» **WHAT THIS TASK INVOLVES**
Please keep the images out and set down the data exactly as given.

»»

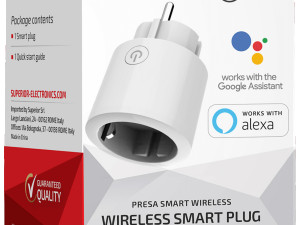 Pametna uticnica, WiFi, Google Assistant i Alexa 16A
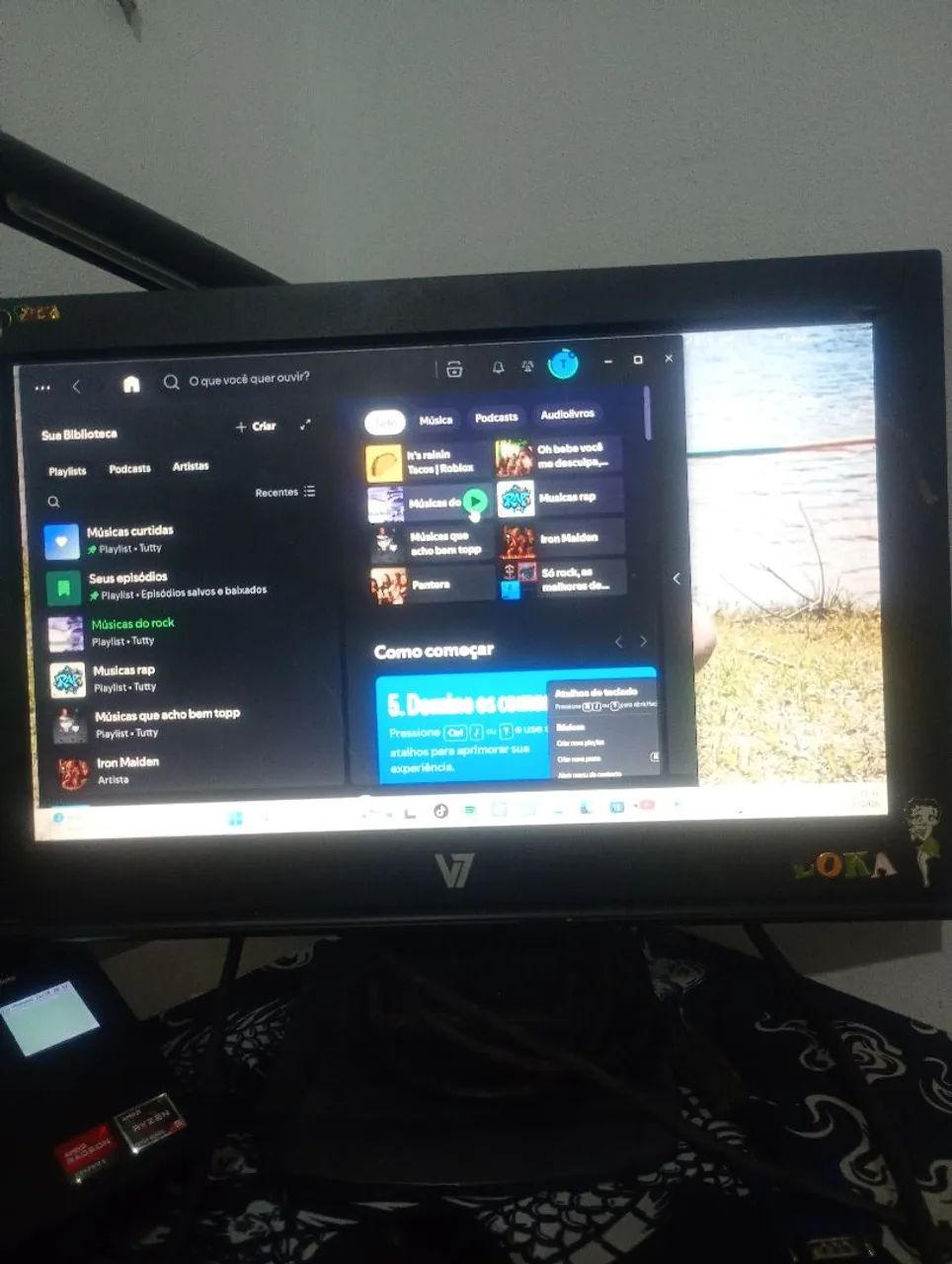 Monitor vst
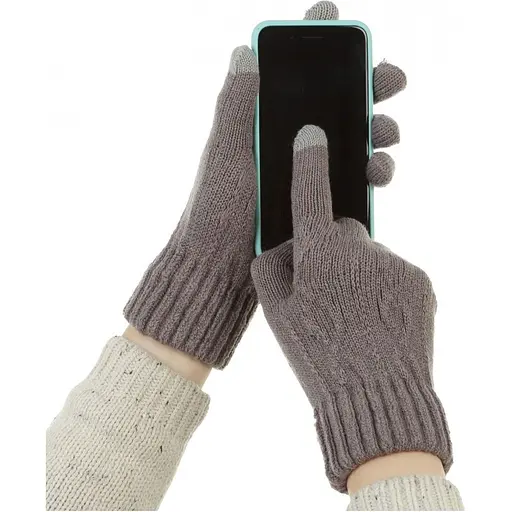 Перчатки емкостные ArmorStandart Rope Grey (ARM59876) [97013] - фото 2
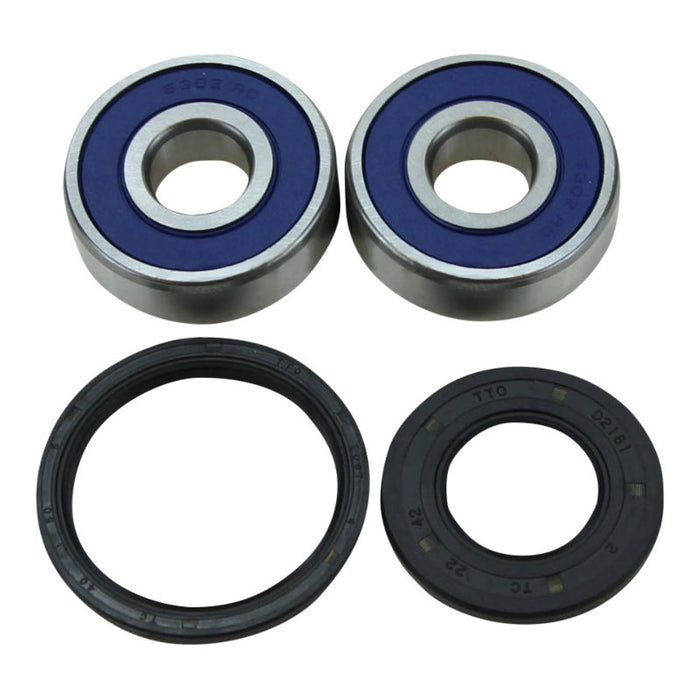 A group of All Balls High Quality bearings and a seal make up the Honda CB750SC (1982-1983) Front Wheel Bearing/Seal Kit.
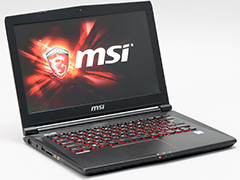 14インチ薄型筐体にGTX 970M搭載。MSIの意欲的なゲーマー向け小型ノートPC「GS40 6QE Phantom」を試す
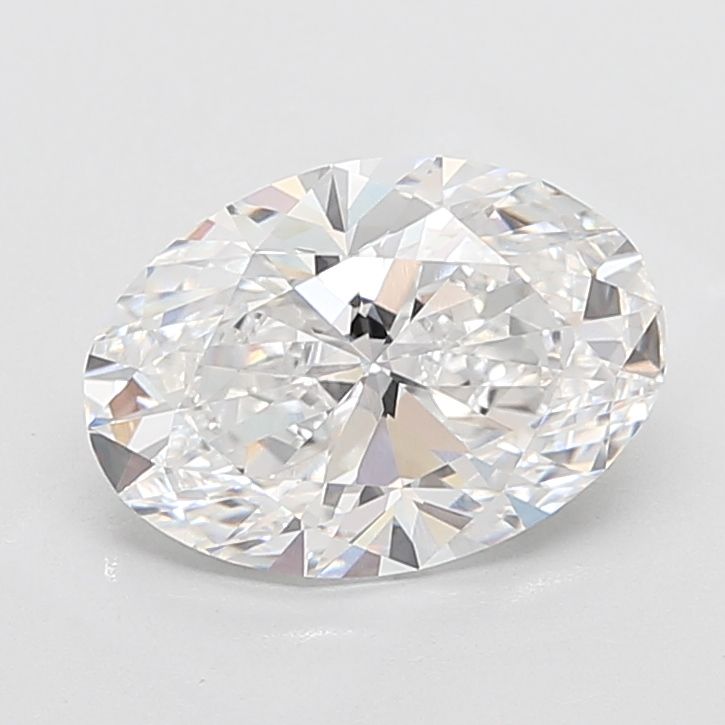 4.10 ct. oval Lab Grown Diamond front image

««

» **SOLVED PROBLEM**
 Pametna uticnica, WiFi, Google Assistant i Alexa 16A
 Monitor vst
 Перчатки емкостные ArmorStandart Rope Grey (ARM59876) [97013] - фото 2
 A group of All Balls High Quality bearings and a seal make up the Honda CB750SC (1982-1983) Front Wheel Bearing/Seal Kit.
 14インチ薄型筐体にGTX 970M搭載。MSIの意欲的なゲーマー向け小型ノートPC「GS40 6QE Phantom」を試す
 4.10 ct. oval Lab Grown Diamond front image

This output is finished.